For those of you who married ...

iVillage Member
Registered: 03-27-2003
For those of you who married ...
6
Thu, 10-23-2003 - 11:56pm
for those of you who married men (or women) you met through online personals, how did your relationship progress?

in other words, once you met, was it just like any other relationship? or do you think it moved faster because you both already knew what you liked and were looking for and just needed the chemistry and how you got along?

i'm wondering...

iVillage Member
Registered: 09-26-2003
Fri, 10-24-2003 - 9:44am
I'm wondering this very same thing. In 5

months of looking I've only managed 2 dates.

The one I thought I liked most wasn't what

I was looking for. And the other one I didn't

think I'd like, I did.

I want to date the one I liked again, but

we haven't been able to work out a 2nd date.

One thing I noticed is I'm open, willing to

share things, but not everybody is.

I mean it's just a date, I respect women,

and strive hard to make sure they know that.

Women take a big chance meeting guys, but

it works both ways.

I've had awful blind dates in earlier single

times so I don't care for those. I've been

stalked by a woman who was going to be my

girlfriend, whether I wanted her to be or not!

I'd never, ever treat someone like that.

I seem to get the short end of the stick

most everytime.

But that's OK, I'm adult enough to realize

things aren't always going to be perfect.

Getting rejected, or not wanting a 2nd date

yourself is fine with me either way. It's

just another opportunity to get it "right"
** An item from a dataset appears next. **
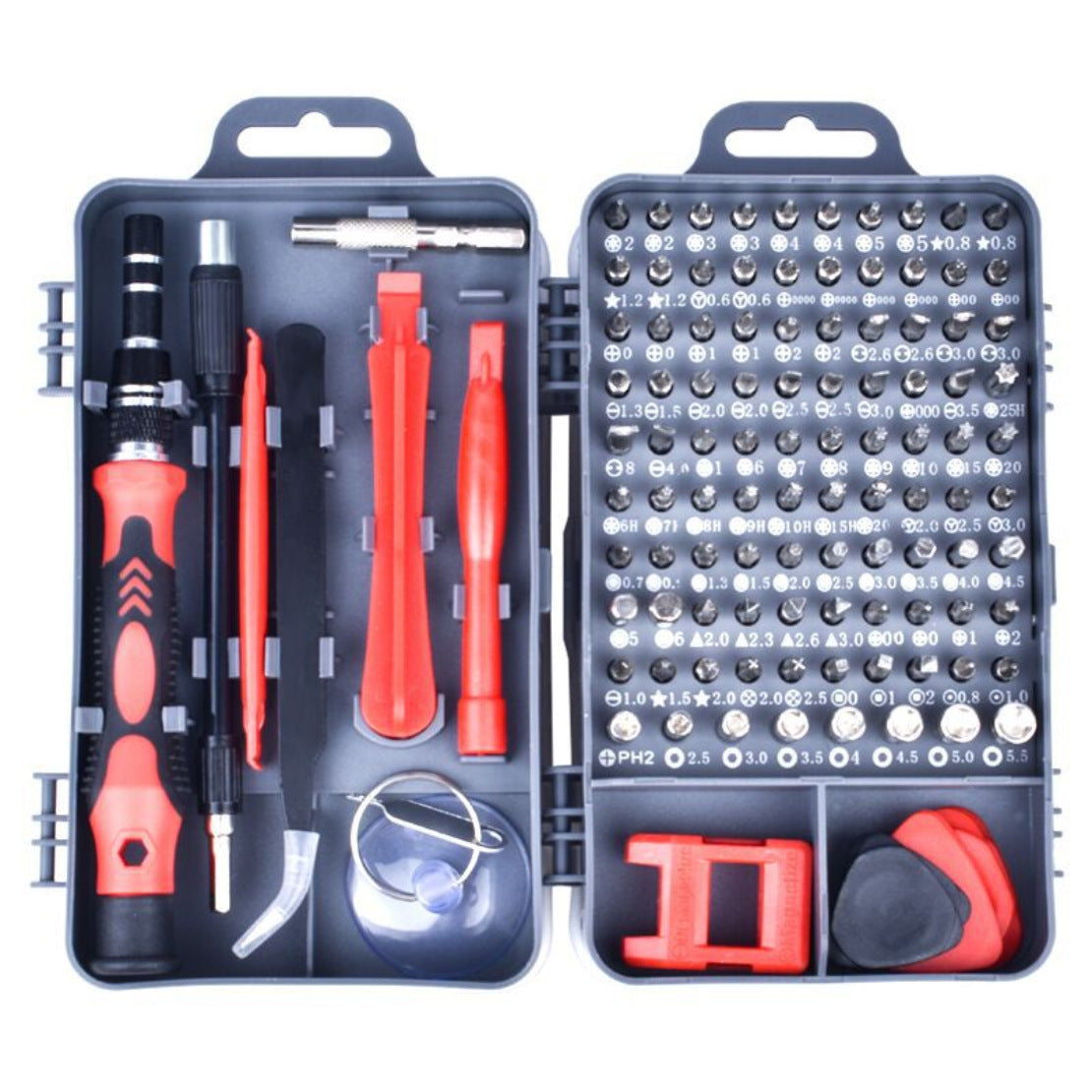 115 in 1 screwdriver set - HD Wireless Product #5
on the next date, if you get one!

Andy

iVillage Member
Registered: 03-26-2003
Sat, 10-25-2003 - 8:58pm
I met my husband in real life about 2 1/2 months after we met online. We had chatted so extensively and talked on the phone so much during that time that when we met in real life it was as though we had known each other for years. Everything really did move much faster. From the time we met in person until the time we married (about 18 months) we had a long distance commuting relationship and still chatted online and spent hundreds on phone cards. Because we had a non-traditional dating relationship, i.e. we weren't together and couldn't do regular dating activities, we had nothing but the spoken and written word and I believe that made a huge difference in the depth of knowledge we had of each other. We would arrange to meet about twice a month for a long weekend and as many extra weeks together as we could manage. We've been married for about 2 1/2 years now and he is truly the love of my life. Sometimes these things just work out!
Avatar for singlemom224
iVillage Member
Registered: 03-26-2003
Sun, 10-26-2003 - 7:08pm
We're not married (yet), but we do live together. I had "known" my guy somewhat (just small talk) online for about a year before we really started getting to know each other. Once we really started talking (constant IM's & phone calls) we met about 2 weeks later (we lived --still do LOL-- in the same city) & basically the rest is history. I'd say things definitely moved a bunch quicker .. we knew pretty much everything about each other & got extremely close extremely quick (as well as him w/ my son) & spent practically every waking non-working moment together. Things happened & my son & I ended up moving in w/ him about 4 months into the RL relationship & we've been doing so happily ever since (we've been living together almost 6 months now). I also just found out I'm 4 1/2 weeks pregnant .. so things can work out. :o)
Avatar for kelstev
iVillage Member
Registered: 03-26-2003
Mon, 10-27-2003 - 12:23pm
Congratulations, Stephanie :)
Avatar for singlemom224
iVillage Member
Registered: 03-26-2003
Mon, 10-27-2003 - 7:33pm
Thanks Kelly!!!
Avatar for neatdesign
iVillage Member
Registered: 03-27-2003
Wed, 11-05-2003 - 9:47am
Mark and I met in Feb 2002 on Udate.com, and pretty much instantly knew from the very first conversation that this was something special. We just *knew* -- I've always heard people say that but now I actually know what they mean.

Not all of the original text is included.